Più difficile comprendere se si tratti di una vittoria, un pareggio o una sconfitta del club rossonero nell'ormai lunga battaglia di posizione con la Uefa. Da settimane si parlava di un accordo vicino per accorpare tutta la situazione della società, magari passando da un agreement sottoscritto davanti al Tas di Losanna. Il verdetto di rinvio lascia intendere che non si sia così vicini a una soluzione amichevole e che il rischio sia sommare ricorso a ricorso in una spirale la cui fine al momento non si vede.

Cosa può accadere adesso

La prima valutazione è di carattere tecnico. La Uefa ha preso atto che non si può emettere un giudizio su un procedimento prima che non si sia chiuso il dibattimento su quello precedente che in parte riguarda la stessa materia del contendere. Quindi bisogna attendere il Tas di Losanna sul triennio 2014-2017 prima di emettere una sentenza sui conti 2015-2018.

C'è un'evidente scelta prudente da parte dei giudici della Camera Giudicante di Nyon, scottati anche dalla precedente battuta d'arresto davanti al Tas, un anno fa, sempre contro il Milan.
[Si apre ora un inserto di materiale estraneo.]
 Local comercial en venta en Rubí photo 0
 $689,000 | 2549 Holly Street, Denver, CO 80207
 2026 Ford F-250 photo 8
E con alle viste una guerra contro il Manchester City, pronto a tutto pur di non farsi squalificare dalla prossima Champions League, la prudenza è anche compensibile perché in gioco c'è la sopravvivenza stessa delle regole del Fair Play Finanziario.

Nel caso del Milan c'è, però, anche un problema di tempi. L'udienza a Losanna non è stata nemmeno ancora calendarizzata e, a meno di un ritiro del ricorso (improbabile) o una richiesta di procedura d'urgenza appare quasi impossibile che il Tas si possa pronunciare in tempo per attivare tutto il meccanismo entro l'inizio della prossima stagione sportiva che è fissato a metà luglio.
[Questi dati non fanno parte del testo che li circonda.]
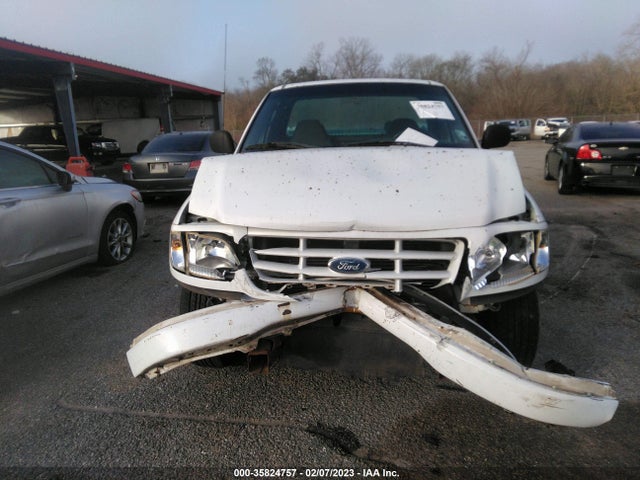 2002 FORD F-150 XL/XLT VIN: 1FTRF17272NB17583
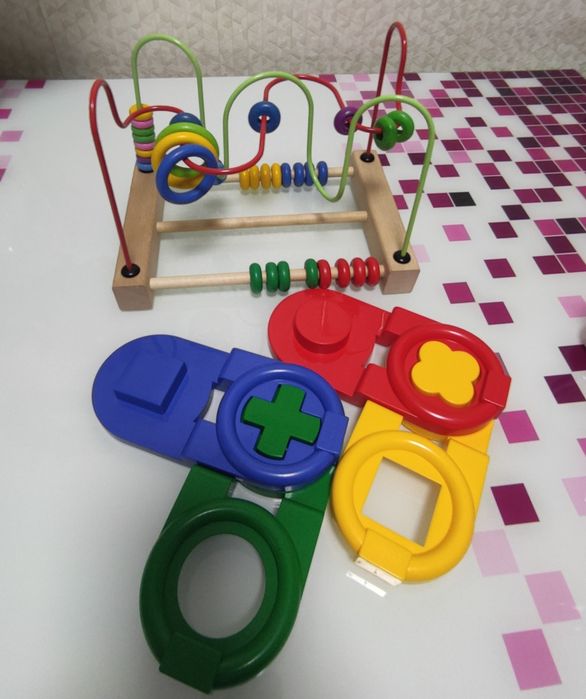 Бізікуб/мультибокс, розвиваючі іграшки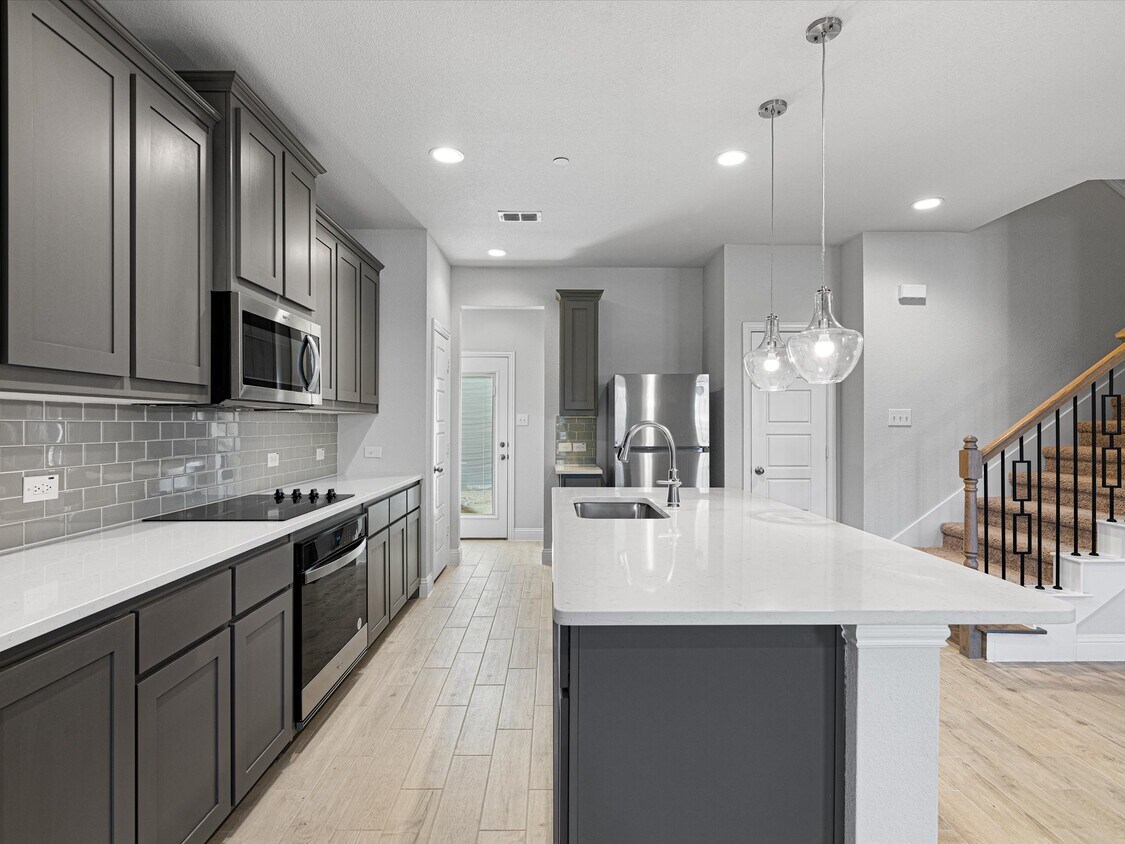 Foto principal - 6116 Bursey Rd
Dunque? La prossima mossa è del Milan. Intende sollecitare l'arbitrato di Losanna in modo da chiarire la sua posizione oppure preferirà restare protetto dietro lo schermo della tempistica che lo ammette di fatto alla prossima Europa League?

Il rischio di una somma di ricorsi

L'Uefa si attende il primo scenario e a quel punto potrebbe poi, accettate dal club le sanzioni per il triennio 2014-2017 (12 milioni di multa e obbligo di pareggio di bilancio al 2021), irrogare quelle per le violazioni nel triennio 2015-2018 (esclusione dall'Europa League) e procedere a un ragionamento di sintesi con i dirigenti rossoneri per disegnare un sentiero di regolarizzazione che sia sostenibile e non una spada di Damocle.

Se, invece, il Milan dovesse fare la prossima Europa League per mancanza di tempi allora il rischio è che tra qualche mese di riproponga lo stesso scenario di quest'anno: eventuale esclusione che ricade sull'anno successivo, nessuna flessibilità sul rientro nei parametri e ad aprile procedura aperta anche sul triennio 2016-2019 perché i conti sono ancora fuori controllo.

Ecco perché il rinvio di Nyon al Tas è certamente una vittoria temporanea, ma non necessariamente una buona notizia per il Milan. L'Uefa è oggi meno forte sul tema delle regole economiche, pressata da una corrente di club che vorrebbe cambiarle e da un'altra che chiede parità di trattamento dopo essere passata attraverso le forche caudine dei settlement agreements e delle sanzioni.

L'elemento tempo farà la differenza e il resto sarà opera della diplomazia che fin qui non ha abbattuto il muro contro muro tra Milano e Nyon. La certezza è che si tratterà di un'altra estate bollente per i tifosi rossoneri, mentre il club ha avviato una politica di austerity troppe volte rinviata e che certamente non dispiacerà ai contabili di Nyon.